Collection entries
*** Block opens ***

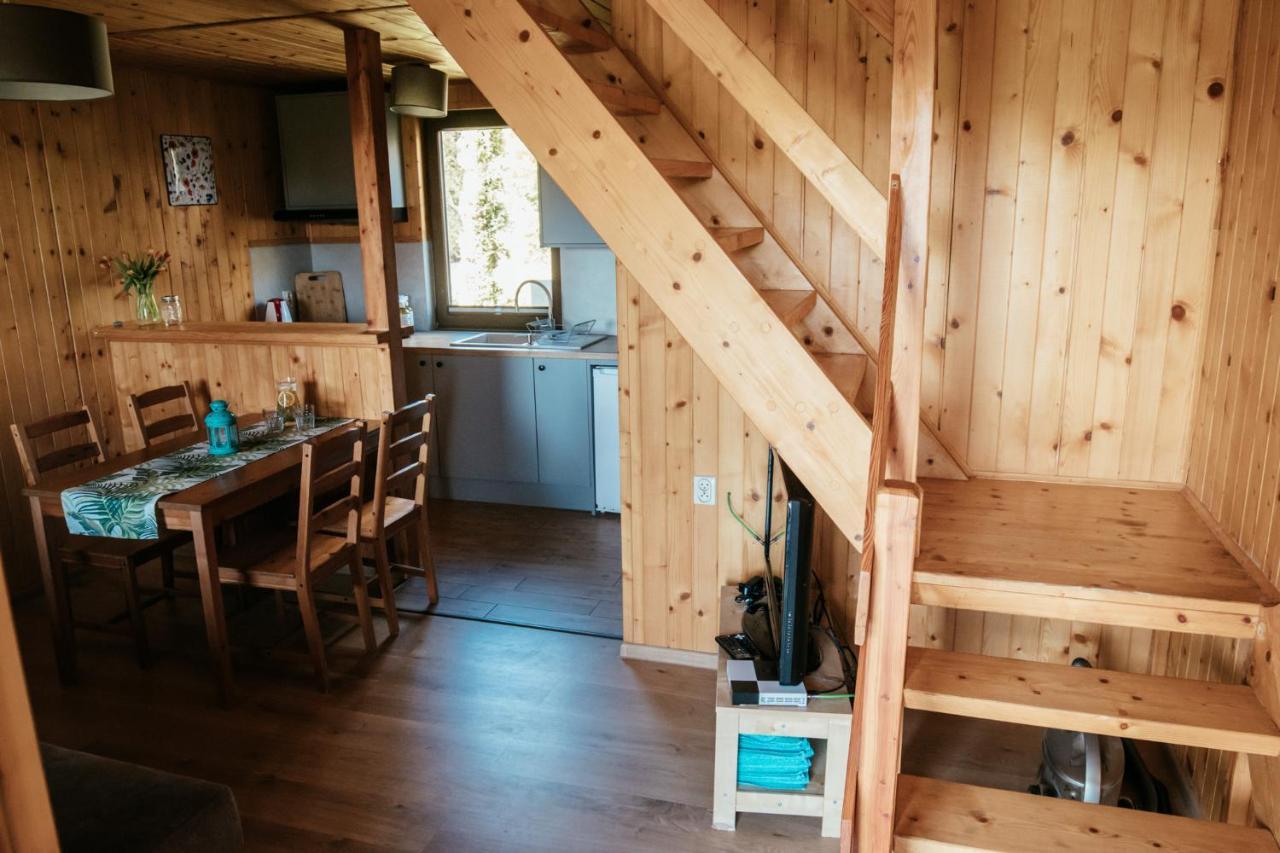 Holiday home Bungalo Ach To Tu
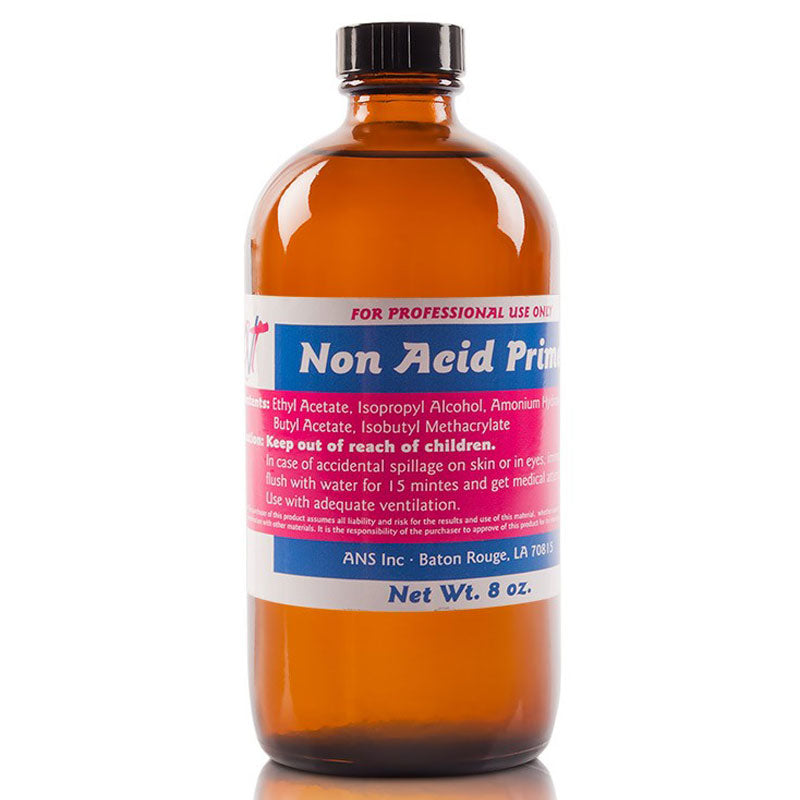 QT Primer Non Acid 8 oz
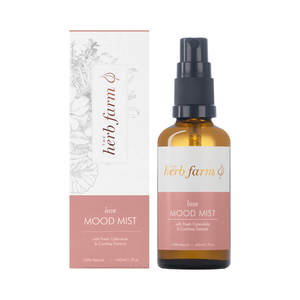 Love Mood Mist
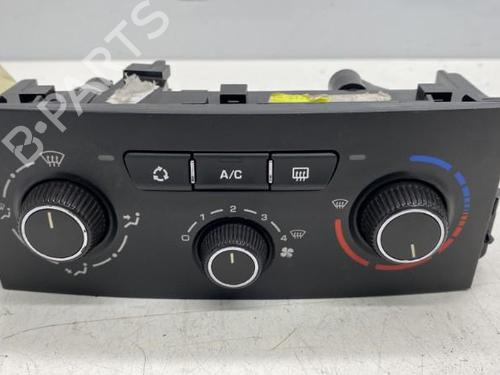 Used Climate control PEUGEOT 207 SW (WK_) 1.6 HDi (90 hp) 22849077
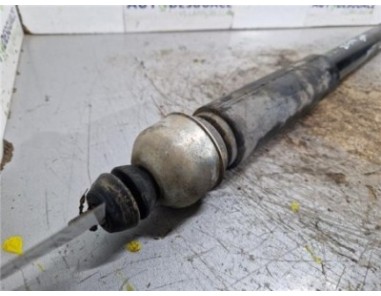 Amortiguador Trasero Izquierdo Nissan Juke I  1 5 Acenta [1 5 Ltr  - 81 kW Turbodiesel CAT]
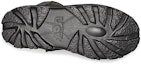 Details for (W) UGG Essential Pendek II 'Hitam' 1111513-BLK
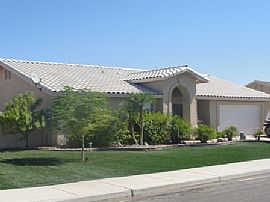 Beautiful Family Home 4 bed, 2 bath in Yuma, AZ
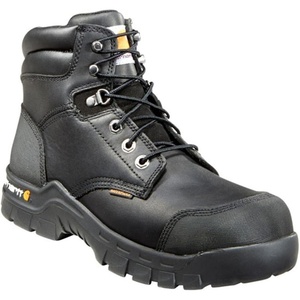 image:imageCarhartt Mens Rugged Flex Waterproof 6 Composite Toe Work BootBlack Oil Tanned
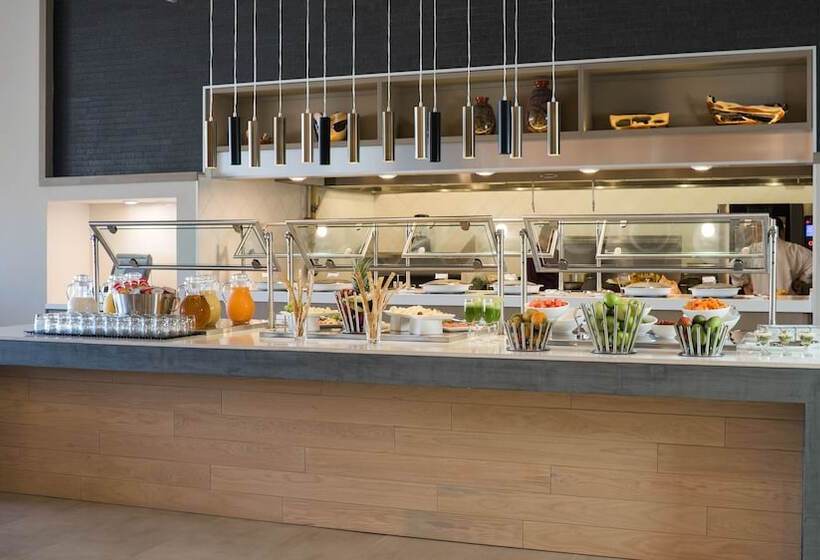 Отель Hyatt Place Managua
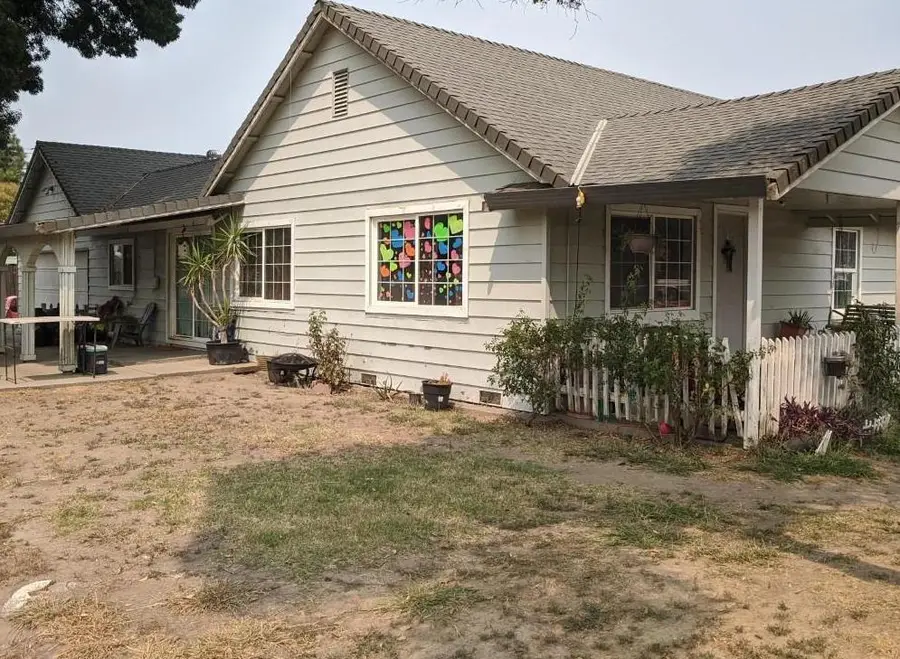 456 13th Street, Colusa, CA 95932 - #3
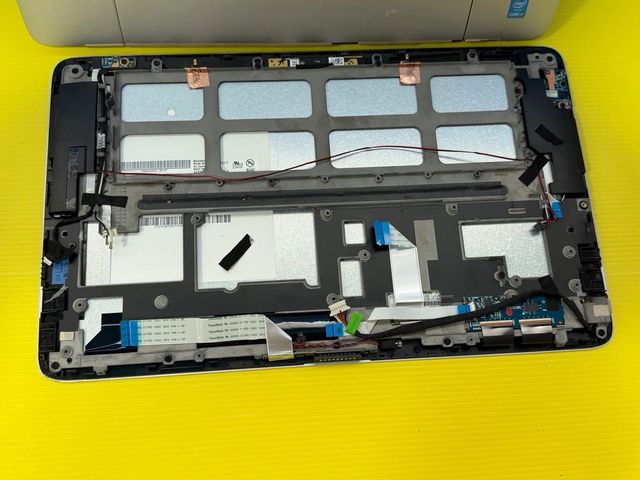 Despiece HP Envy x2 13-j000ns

*** Block closes ***

§ **What to do**
Starting at the line that contains "Отель Hyatt Place Managua", write out every line through the end of the entries, both ends included, without any pictures.

§ **Response**
 Отель Hyatt Place Managua
 456 13th Street, Colusa, CA 95932 - #3
 Despiece HP Envy x2 13-j000ns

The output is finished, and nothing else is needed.